It was RAF Mildenhall in East Anglia and, as I later discovered, 50 Division were based around there as they prepared for one of the most famous and important operations of the war: D-Day

50 Northumbrian Division had been last off the beach at Dunkirk and would now be some of the first British troops on the beaches of Normandy. (H-Hour for the British landings at Gold and Sword Beaches were about an hour later than those for the Americans at Utah and Omaha).

Four years later, their June 6 objectives – on the opening day of the Battle of Normandy - were La Rivière and Bayeux. 

Following the brutal slog the Battle of Normandy turned out, not unexpectedly, to be, Neville crossed the River Seine at Vernon and drove on to Brussels before taking part in Operation Market Garden, - aka ‘a bridge too far’.

Once again, back in the recent past, I was watching ‘Band of Brothers’ one evening when the program depicted the Americans liberating a concentration camp. 

I rang Dad to ask if he had watched it and he said, reflectively, that he had and it had reminded him of Belsen. 

Bergen-Belsen Concentration Camp was one of those liberated, in this case by the British, right at the end of the war. 

Again, Dad had been there. Another discovery, another surprise - was there any aspect of the British Second World War experience that hadn’t happened to my dad?

When I reached May 1945 in his diaries, I was surprised by how matter-of-fact he was about the German surrender. 

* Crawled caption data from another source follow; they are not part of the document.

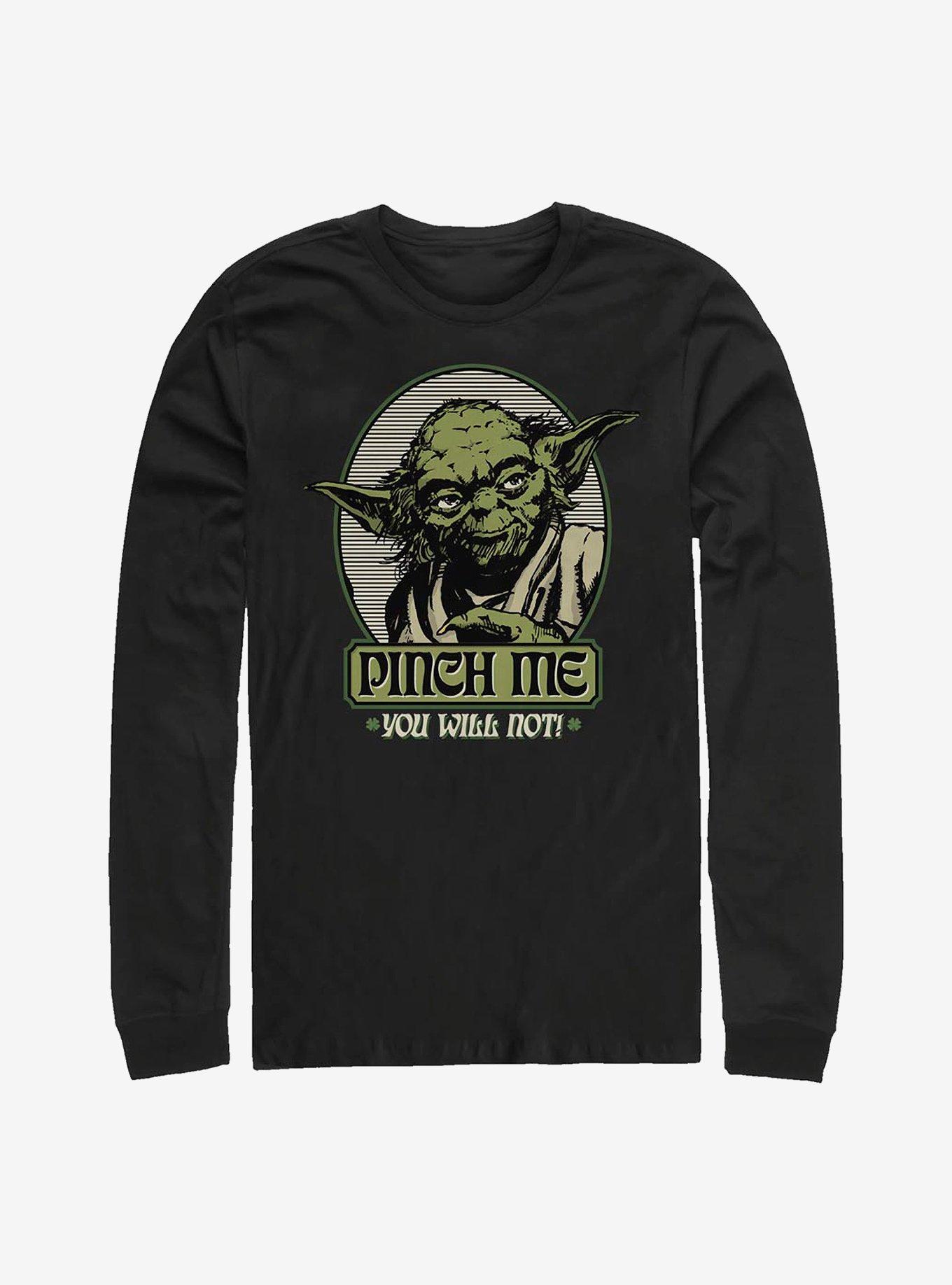 Star Wars Yoda Pinch Me Long-Sleeve T-Shirt, , hi-res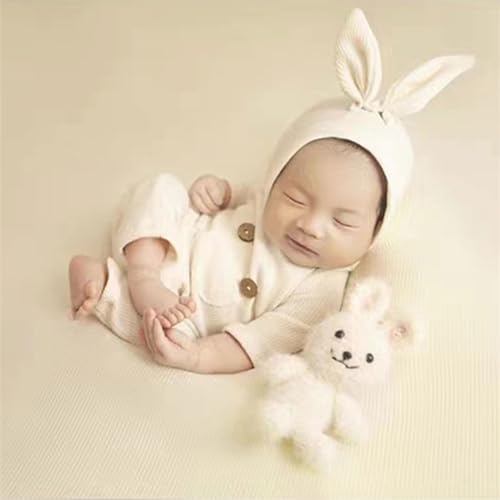 Newborn Photo Posing Props Knit Bear Baby Photo Props Lovely Photo Gear Children Room Decorations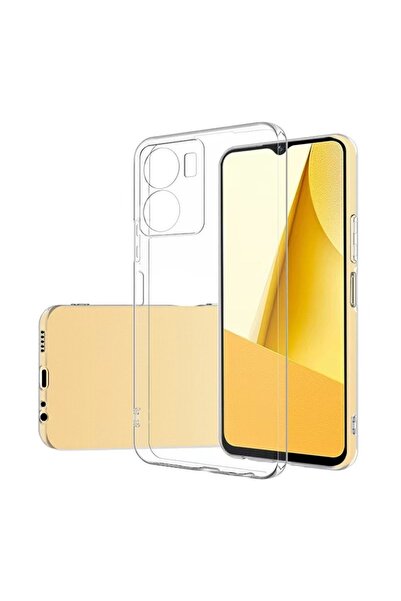 vivo Y16 Kılıf Kılıf Soft Tasarım Şeffaf A Kalite Silikon Kılıf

When I asked him why there was no elation or euphoria, he said his first thought was what was going to happen next and concern about his mates. A complete contrast to the newsreels we’ve all seen of the jubilant celebration that went on in British and American cities at the close of hostilities.

Not that these celebrations didn’t happen, of course, nor that a sense of extreme euphoria wasn’t widely felt. It’s just that, for those who’d been in the thick of it like my dad, the end of the war wasn’t always experienced in such a jubilant manner.

Which brings me to the final question I had for him about his time in the war. 

Having looked over all his war experiences, many, varied and terrifying, I asked him what the scariest time was that he could remember.

Once again, without hesitation, and to my surprise, he said it was actually taking supplies into Berlin through the Russians – who had of course been British allies.

It’s almost as if Dad sensed, with some prescient dread, the tensions with the communist powers that would emerge from the ashes of the Second World War.

Ever the conduit for personal experiences wrapped up in major global events, it seems appropriate in retrospect that Dad’s most memorable experience sat right at the junction of World War 2 and the subsequent Cold War - which would go on to dominate the next 45 years of British foreign policy.

A Soldier’s Story: Neville ‘Timber’ Wood’s War, from Dunkirk to D-Day by Mike Wood is published by Robinson on 30th April, £20.00. Click here to pick up a copy.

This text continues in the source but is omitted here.